She remembered the day when the world ended, and it was foretold that the northerners would win. The Americans were not cruel; they did not abandon their loyal allies. But they were not gentle either, and in truth, what followed next was a mess coming close in its sloppiness to a tragedy. In a confusion of camps and helicopters and ships and more camps, she ended up with those of her family who still survived in the belly of a cold, far city. She began a new life and raised five daughters and nothing ever scared her.
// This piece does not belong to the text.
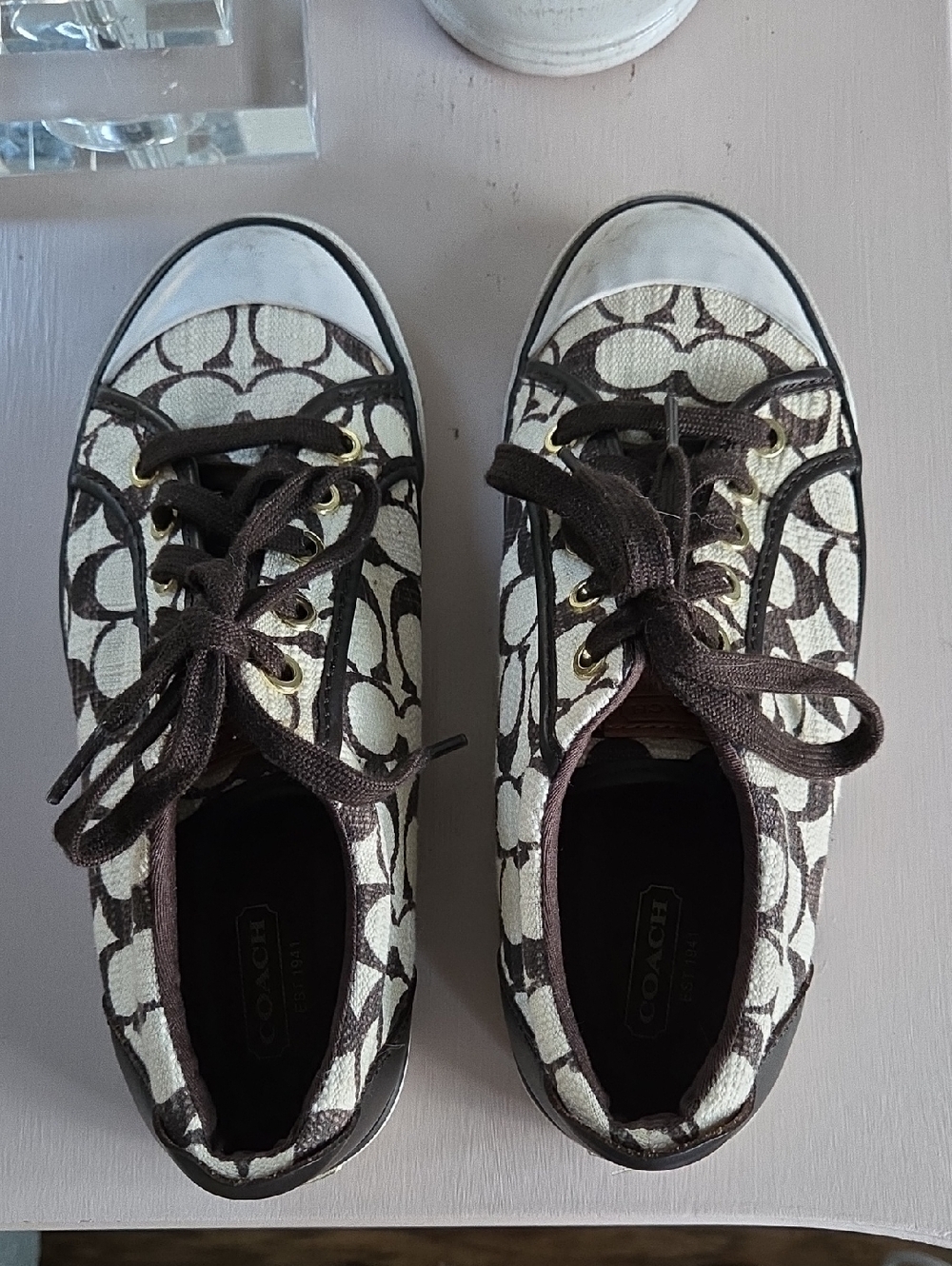 Coach Brown & Ivory Barrett Canvas Signature Sneakers Size 7.5 B - Picture 7 of 15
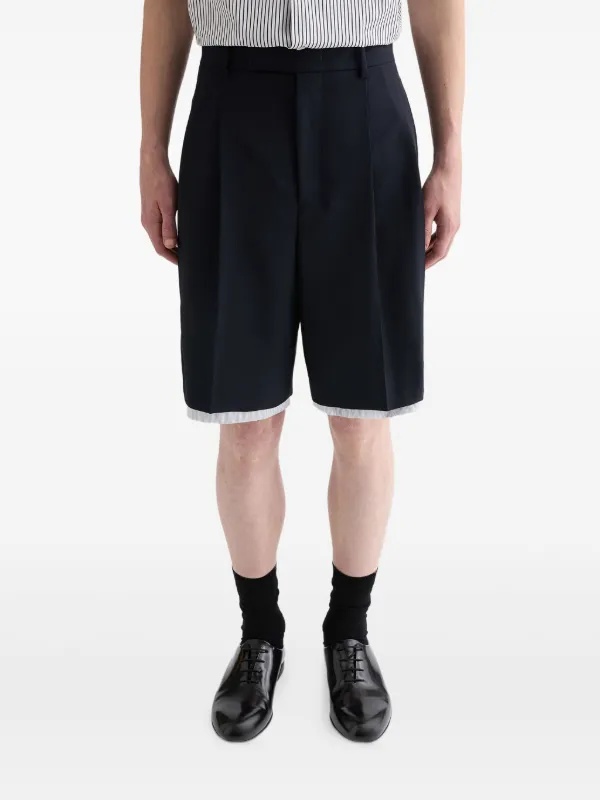 ジルサンダー　ウールバミューダハーフパンツ　テーラードパンツ　一度短時間使用 Jil Sander レイヤード ウールショートパンツ | ブルー | FARFETCH JP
This filth didn’t scare her. Boys with guns, black boys with guns, just like the ones you sometimes saw in Saint Paul, with no respect for ancestors, for family or clan, no warrior ethic, not even an ability to read or write. They were nothing. She spat on creatures so low.
What scared her was her daughter Sally, who sat next to her under the blaze of windows in the roof high above, in an ocean of victims, somewhat like the camps where she had spent too many months. They sat, hands folded on heads, driven here by the panic of the crowd at the gunfire. Some had already died. Some were crying, some were breaking down, some sat with the dullness of the soon-to-be-dead, most prayed for deliverance or tried to hush frightened children, but all of them just hoped not to be noticed.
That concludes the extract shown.